• [TASK DETAILS]
Print word for word the records from the line containing "Adapter; DisplayPort 1.1a; white LOGILINK" through the end.

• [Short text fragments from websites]
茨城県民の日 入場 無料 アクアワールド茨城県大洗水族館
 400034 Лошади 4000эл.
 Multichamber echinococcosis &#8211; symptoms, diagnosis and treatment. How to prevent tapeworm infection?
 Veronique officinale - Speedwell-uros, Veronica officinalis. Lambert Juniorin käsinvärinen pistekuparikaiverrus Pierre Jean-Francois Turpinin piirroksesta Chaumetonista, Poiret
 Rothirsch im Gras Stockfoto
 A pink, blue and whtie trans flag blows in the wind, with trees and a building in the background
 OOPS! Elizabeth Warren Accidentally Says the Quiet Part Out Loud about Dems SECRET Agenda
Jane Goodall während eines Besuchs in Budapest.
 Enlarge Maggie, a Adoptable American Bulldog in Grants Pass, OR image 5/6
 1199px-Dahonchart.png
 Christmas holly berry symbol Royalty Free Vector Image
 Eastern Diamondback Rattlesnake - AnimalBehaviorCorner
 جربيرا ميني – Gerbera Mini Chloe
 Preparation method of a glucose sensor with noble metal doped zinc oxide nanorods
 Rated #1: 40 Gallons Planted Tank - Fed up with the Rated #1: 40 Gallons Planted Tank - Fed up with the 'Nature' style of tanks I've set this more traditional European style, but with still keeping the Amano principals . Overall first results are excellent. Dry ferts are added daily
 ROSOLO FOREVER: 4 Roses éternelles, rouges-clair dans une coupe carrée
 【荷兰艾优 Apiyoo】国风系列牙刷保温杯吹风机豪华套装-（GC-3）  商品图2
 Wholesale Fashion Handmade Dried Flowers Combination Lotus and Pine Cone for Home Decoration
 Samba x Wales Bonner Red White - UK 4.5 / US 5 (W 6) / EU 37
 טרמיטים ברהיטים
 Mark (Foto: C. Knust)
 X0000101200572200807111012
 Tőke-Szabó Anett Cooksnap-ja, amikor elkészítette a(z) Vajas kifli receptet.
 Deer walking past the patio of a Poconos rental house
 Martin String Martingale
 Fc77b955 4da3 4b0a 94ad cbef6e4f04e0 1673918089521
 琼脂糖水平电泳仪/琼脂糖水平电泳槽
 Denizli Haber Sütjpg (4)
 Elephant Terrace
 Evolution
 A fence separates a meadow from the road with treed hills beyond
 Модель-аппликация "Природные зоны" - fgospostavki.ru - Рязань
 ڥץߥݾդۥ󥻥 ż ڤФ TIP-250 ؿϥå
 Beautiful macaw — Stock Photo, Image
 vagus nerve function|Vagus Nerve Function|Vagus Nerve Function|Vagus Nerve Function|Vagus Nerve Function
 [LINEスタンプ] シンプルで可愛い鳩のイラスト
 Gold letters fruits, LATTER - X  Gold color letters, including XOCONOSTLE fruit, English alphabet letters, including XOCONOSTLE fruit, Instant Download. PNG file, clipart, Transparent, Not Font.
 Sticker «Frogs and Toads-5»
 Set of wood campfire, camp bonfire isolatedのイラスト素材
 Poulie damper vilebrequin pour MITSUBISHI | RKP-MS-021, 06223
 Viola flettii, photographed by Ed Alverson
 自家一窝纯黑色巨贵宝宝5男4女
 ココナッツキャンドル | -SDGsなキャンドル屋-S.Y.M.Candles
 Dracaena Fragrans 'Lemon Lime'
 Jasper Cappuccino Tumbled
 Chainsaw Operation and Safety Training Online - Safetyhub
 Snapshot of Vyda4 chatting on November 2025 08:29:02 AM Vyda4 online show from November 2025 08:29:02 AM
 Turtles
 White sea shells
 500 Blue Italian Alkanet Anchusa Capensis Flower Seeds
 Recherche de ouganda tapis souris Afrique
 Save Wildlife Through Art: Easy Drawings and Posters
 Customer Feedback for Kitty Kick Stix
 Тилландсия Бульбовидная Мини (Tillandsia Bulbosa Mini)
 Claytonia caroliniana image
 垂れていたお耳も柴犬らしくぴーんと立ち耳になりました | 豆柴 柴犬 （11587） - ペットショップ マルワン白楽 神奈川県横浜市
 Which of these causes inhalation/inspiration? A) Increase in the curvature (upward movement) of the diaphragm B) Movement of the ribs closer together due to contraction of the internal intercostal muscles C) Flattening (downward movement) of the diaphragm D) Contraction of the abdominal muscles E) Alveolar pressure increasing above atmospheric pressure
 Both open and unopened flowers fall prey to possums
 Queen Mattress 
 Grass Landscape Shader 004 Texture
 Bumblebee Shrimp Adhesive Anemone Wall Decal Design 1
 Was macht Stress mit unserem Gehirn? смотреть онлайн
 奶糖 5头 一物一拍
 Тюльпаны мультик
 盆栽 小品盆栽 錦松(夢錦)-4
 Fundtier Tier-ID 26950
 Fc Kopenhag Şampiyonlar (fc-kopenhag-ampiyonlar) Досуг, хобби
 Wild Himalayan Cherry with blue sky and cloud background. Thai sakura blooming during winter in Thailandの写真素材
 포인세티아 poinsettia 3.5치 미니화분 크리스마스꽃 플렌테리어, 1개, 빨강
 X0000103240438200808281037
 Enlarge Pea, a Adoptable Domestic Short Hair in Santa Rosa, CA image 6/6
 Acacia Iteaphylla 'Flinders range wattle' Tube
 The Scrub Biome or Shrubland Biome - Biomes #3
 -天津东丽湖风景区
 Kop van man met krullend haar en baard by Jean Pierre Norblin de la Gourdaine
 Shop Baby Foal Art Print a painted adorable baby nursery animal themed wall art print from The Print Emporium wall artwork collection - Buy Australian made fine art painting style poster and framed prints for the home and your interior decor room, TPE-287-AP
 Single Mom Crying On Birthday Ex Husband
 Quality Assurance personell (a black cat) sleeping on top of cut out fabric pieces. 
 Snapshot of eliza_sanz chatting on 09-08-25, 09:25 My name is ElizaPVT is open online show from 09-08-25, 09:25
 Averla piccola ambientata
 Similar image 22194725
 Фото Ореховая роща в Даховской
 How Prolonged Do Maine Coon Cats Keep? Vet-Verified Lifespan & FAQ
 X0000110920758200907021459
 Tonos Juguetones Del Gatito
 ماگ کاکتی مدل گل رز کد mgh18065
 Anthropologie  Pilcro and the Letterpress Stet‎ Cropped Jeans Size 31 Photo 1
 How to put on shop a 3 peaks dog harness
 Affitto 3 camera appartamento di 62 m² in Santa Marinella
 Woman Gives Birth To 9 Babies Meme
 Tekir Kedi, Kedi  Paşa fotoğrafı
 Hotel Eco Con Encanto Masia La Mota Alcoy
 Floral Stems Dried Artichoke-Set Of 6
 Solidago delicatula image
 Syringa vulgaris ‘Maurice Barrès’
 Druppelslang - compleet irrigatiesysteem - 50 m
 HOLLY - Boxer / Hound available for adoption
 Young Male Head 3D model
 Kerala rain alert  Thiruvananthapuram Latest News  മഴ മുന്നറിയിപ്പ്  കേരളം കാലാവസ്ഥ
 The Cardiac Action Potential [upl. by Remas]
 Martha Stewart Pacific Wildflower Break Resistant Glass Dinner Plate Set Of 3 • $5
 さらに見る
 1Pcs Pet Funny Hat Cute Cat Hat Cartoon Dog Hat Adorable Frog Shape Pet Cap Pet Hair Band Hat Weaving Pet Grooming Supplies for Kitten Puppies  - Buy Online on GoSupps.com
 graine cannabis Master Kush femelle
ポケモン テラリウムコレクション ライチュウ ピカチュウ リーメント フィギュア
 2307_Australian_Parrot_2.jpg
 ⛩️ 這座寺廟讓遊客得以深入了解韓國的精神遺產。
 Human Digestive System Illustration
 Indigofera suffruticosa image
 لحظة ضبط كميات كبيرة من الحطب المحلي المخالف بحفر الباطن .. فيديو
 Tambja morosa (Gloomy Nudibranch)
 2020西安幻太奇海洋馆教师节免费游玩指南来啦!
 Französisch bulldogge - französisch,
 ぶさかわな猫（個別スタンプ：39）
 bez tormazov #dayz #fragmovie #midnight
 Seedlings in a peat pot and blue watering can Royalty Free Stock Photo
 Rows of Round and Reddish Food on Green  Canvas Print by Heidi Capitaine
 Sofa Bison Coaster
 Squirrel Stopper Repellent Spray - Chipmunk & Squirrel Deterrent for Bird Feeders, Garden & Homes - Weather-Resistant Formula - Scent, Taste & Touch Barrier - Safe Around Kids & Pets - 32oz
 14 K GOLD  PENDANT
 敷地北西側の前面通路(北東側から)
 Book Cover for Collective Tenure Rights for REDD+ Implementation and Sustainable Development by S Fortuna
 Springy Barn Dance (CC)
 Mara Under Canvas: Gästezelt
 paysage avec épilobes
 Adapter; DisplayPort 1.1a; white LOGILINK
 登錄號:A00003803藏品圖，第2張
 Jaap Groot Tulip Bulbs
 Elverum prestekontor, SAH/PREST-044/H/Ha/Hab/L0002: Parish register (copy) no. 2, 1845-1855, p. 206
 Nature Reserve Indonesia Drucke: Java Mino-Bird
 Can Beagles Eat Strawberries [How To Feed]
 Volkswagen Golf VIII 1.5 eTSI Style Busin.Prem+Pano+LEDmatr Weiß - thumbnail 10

• [ANSWER SPACE]
 Adapter; DisplayPort 1.1a; white LOGILINK
 登錄號:A00003803藏品圖，第2張
 Jaap Groot Tulip Bulbs
 Elverum prestekontor, SAH/PREST-044/H/Ha/Hab/L0002: Parish register (copy) no. 2, 1845-1855, p. 206
 Nature Reserve Indonesia Drucke: Java Mino-Bird
 Can Beagles Eat Strawberries [How To Feed]
 Volkswagen Golf VIII 1.5 eTSI Style Busin.Prem+Pano+LEDmatr Weiß - thumbnail 10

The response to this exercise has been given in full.